Baltimore’s Commission for Historical and Architectural Preservation unanimously voted Tuesday afternoon for Engine Company 14 to become a historical landmark for being the oldest operating fire station in the city, clearing the way for millions in state money to renovate the building.
The firehouse — which is more than 130 years old, and located on Hollins Street in the Boyd-Booth neighborhood — “is the oldest continuously operating firehouse in Baltimore City, and it is also one of the most active fire houses in the city,” said Lauren Schiszik, a historic preservation planner with the preservation commission.
“Engine Company 14 has protected people both from fires, but in more recent history during medical crises ... because departments serve the role as first responders. Members of this company have received commendations for their bravery during their responses, and some have been injured while trying to save lives,” Schiszik added.
Just a little under a year ago, the fire station housed two of the first responders — Lt. Kelsey Sadler and EMT firefighter Kenneth Lacayo — who died in January last year while fighting one of the city’s deadliest fires in the 200 block of South Stricker Street.
“I beg of you to please, renovate that building, modernize it,” Josephine Battaglia, 78, said during the public meeting. “Do what they need at all costs to keep that firehouse there. They are busy all day long, all night long.”
Originally built in 1888, the two-story brick building with rusticated brownstone windows received its first and most significant renovation in 1902 for “architectural rebranding” resulting in the building that stands today, according to the commission.
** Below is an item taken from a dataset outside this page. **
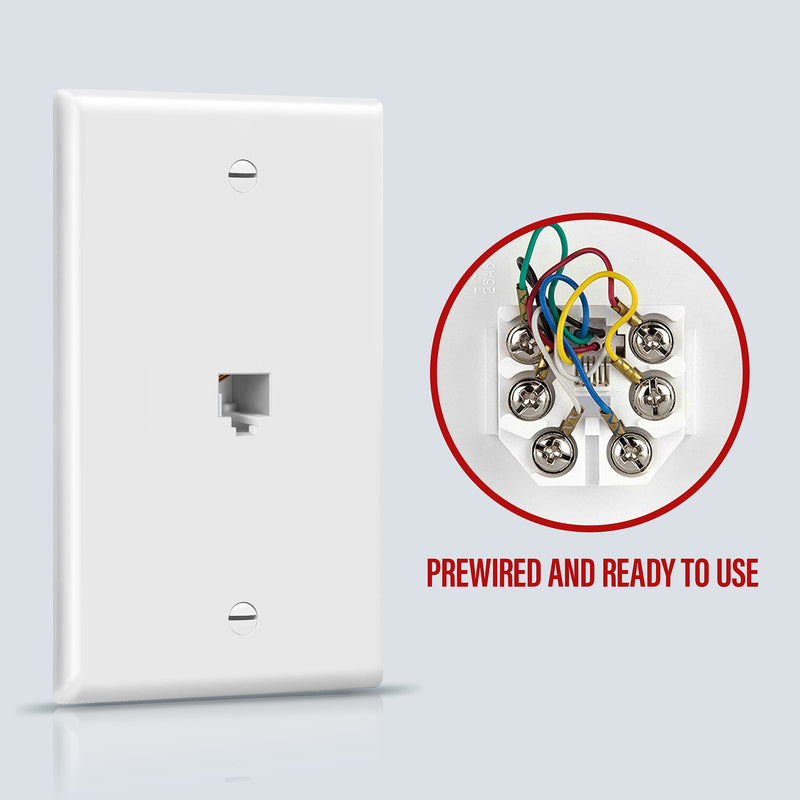 ENERLITES RJ11 Telephone Jack Wall Plate, 6-Position 6-Conductor 6P6C (2 Line Support), 1-Gang 4.50" x 2.76", 6631-W-10PCS, White (10 Pack) 10 Pack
Battaglia, who lives about a block away from the fire house station and is president of Restivo Square Community Association, expressed concerned about the possibility of the fire station no longer serving the neighborhoods that surround it, which include the Restivo Square, Franklin Square and Union Square communities.
“Our boundaries lines overlap and it was insinuated that they might want to close the firehouse, and they can’t because our communities need it. They actually need more staff, more fire engines and they need to stop tearing down the houses around there,” Battaglia added.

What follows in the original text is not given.